Scottish oil exploration company Cairn Energy has struck oil near Greenland, becoming the first company to make a find in the area.
The wider industry has been watching Cairn’s exploits in the icy Arctic waters with interest, but yesterday’s announcement of an oil strike is not expected to prompt a rush of other energy firms to Greenland.
Edinburgh-based Cairn said further analysis was needed for the gas and two types of oil it encountered in drilling operations in the untapped Baffin Bay basin.
Oil was discovered only “intermittently” in the well, which has so far reached depths of more than 14,100ft, the company added.
Jim Hannon, founding partner at industry consultant Hannon Westwood, said it remained to be seen how much oil there was, and even if it led to production it would be many years before development projects got under way.
Greenland could offer opportunities for energy service firms based in the north-east but only in the long-term, he said, adding: “I would not expect to see a sudden switch in emphasis by any of these companies.”
The current global financial climate makes it unlikely that oil explorers will go rushing off to Greenland on the back of Cairn’s find, according to Mr Hannon.
He said: “This is in its very early days and most oil and gas firms have got more than enough on their plates seeking the finances and resources to drill what is already in front of them.”
Supermajors were the only firms big enough for the “massive” investment that would be needed to exploit the area commercially, with most smaller companies probably being left to watch from the sidelines with envy, he added.
Andrew Reid, the Aberdeen-based managing director of energy consultancy Douglas Westwood, said the providers of support services to Greenland were likely to hail from north America.
He added: “The reality is, however, that Arctic exploration and particularly development is still an evolving area and somewhat ‘frontier’ as far as offshore production is concerned. There are still a number of technical, operational and environmental challenges to overcome.”

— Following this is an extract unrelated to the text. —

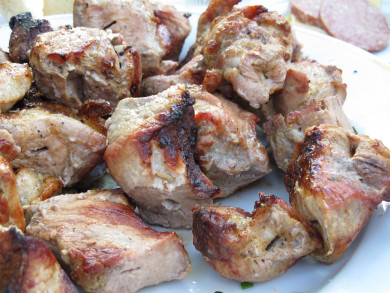 Новогоднее застолье едва не закончилось гибелью 150-килограммового мужчины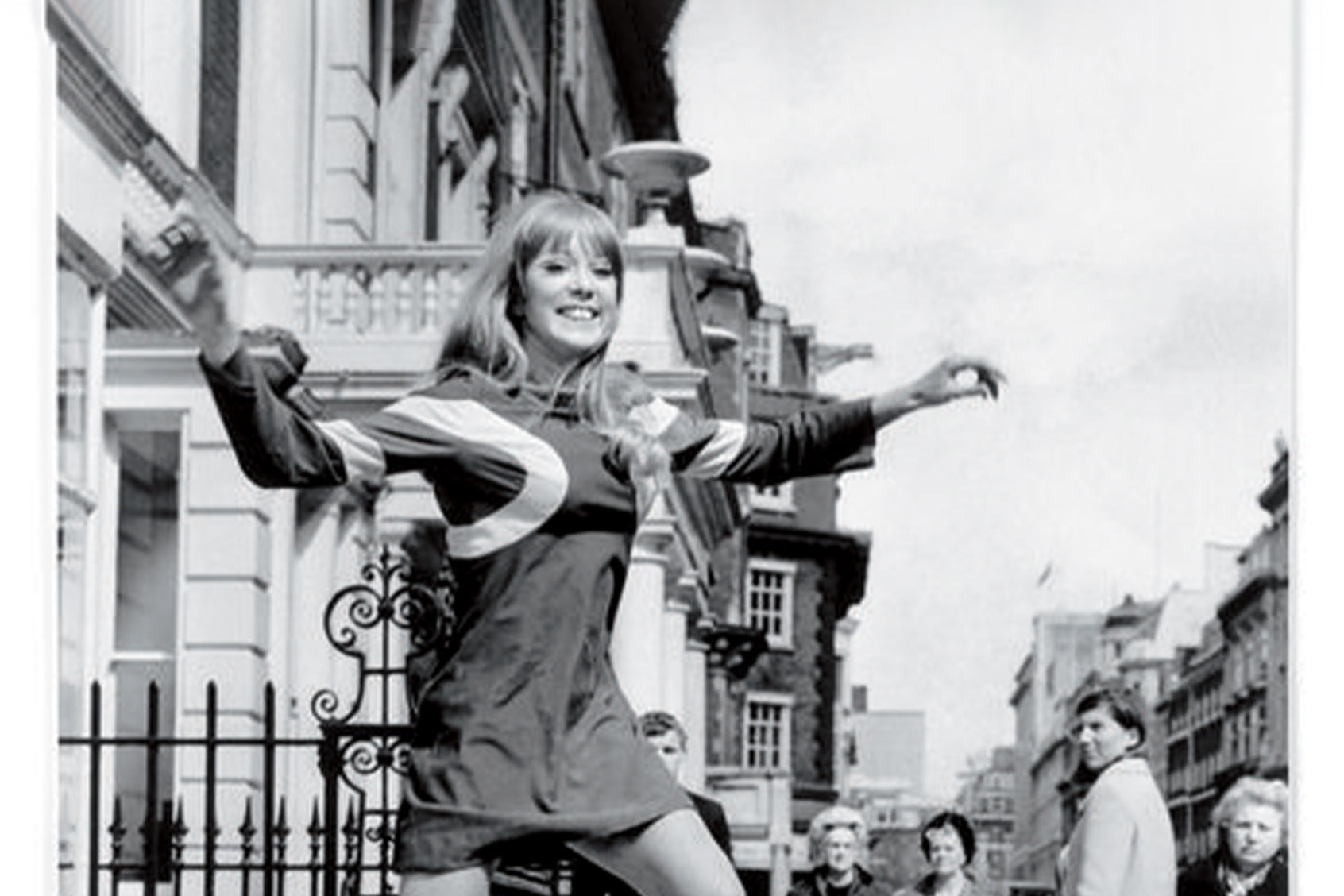 Pattie Boyd in Quorum mini dress (Courtesy of the Pattie Boyd Archive)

Subsea UK chief executive Alistair Birnie said service companies in the UK would have to act quickly to get in on the action if activity grew in Greenland.
Mr Birnie added: “We are well placed with the necessary industry expertise and know-how, particularly for managing the environmental aspects.”
Cairn, which is led by former Scottish rugby international and founder Sir Bill Gammell, is the only firm so far to have been granted permission to drill for oil near Greenland.
Its work in the area was disrupted earlier this month when environmental protesters scaled the semi-submersible rig Stena Don to demonstrate against what they claimed were the “huge risks” energy companies were taking with the environment by drilling for oil in deep water.
Yesterday’s announcement by Cairn offset news that the firm had abandoned an earlier well off Greenland, which caused excitement last month when the firm said it had found possible signs of oil. It is writing off £54.3million in costs after revealing the well was not a “commercial discovery”.
The Baffin Bay basin is a similar size to the North Sea but the industry has only recently revisited the region for the first time since the 1970s.